中国の電気自動車(EV)大手BYD(比亜迪)は、2025年に日本市場へ新型車を投入すると発表した。同社は2023年1月に日本での乗用車販売を開始しており、今回の新型車投入で日本市場でのプレゼンスをさらに強化する方針だ。
日本市場への本格参入
BYDは2023年1月に日本市場に再参入し、ミッドサイズSUV「ATTO 3」の販売を開始。その後、コンパクトカー「ドルフィン」、セダン「シール」を投入し、現在3モデルを展開している。日本での販売台数は2023年に約2,500台と、目標には届かなかったものの、2024年には販売網を拡大し、2025年までに100店舗以上を目指している。
新型車の詳細は明らかにされていないが、同社は日本市場向けに小型EVやハイブリッド車の投入を検討しているとみられる。BYDの日本法人であるBYDジャパンの担当者は「日本市場のニーズに合わせた車種を開発し、販売台数を拡大していく」と述べている。
競争激化する日本EV市場
日本のEV市場は、日産自動車の「リーフ」や三菱自動車の「eKクロスEV」など国産車が先行するが、海外メーカーも攻勢を強めている。テスラは2023年に日本市場で約1万5,000台を販売し、輸入車ブランドで首位に立った。BYDは価格競争力と豊富なモデルラインナップで対抗する方針だ。
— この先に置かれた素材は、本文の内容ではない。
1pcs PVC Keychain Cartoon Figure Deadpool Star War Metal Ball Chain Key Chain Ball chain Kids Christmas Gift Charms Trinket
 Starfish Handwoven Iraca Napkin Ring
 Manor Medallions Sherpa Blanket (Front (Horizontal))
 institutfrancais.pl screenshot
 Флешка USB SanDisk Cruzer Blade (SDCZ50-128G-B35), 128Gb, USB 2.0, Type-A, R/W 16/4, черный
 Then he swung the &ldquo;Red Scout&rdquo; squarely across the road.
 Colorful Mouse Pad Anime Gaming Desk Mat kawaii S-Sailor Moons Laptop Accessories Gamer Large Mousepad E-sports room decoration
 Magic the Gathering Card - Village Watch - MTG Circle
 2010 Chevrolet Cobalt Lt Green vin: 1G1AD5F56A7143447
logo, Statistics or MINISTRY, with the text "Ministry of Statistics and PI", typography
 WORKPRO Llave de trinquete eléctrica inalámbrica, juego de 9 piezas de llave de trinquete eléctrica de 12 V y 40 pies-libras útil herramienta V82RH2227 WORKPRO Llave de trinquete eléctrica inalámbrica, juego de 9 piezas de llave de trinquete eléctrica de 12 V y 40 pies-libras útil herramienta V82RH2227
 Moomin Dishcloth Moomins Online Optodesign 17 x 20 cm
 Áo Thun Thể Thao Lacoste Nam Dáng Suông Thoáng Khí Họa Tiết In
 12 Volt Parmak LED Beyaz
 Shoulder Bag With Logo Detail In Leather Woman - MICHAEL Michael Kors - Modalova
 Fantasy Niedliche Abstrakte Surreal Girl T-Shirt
日本政府は2035年までに新車販売を全て電動車とする目標を掲げており、EV市場の拡大が見込まれる。BYDは日本市場でのシェア獲得に向けて、低価格帯のEV投入や充電インフラの整備を進める計画だ。
BYDの世界戦略
BYDは中国市場でEV販売首位を走り、世界市場でもテスラに次ぐ規模に成長している。2023年の世界販売台数は約302万台で、そのうちEVは約157万台。同社は日本を含む海外市場への展開を加速しており、すでに欧州や東南アジアでも販売を開始している。
BYDの日本市場への取り組みは、同社のグローバル戦略の一環として重要な位置づけにある。日本は世界有数の自動車市場であり、技術力の高い顧客が多いことから、製品開発やブランド力向上に寄与すると期待されている。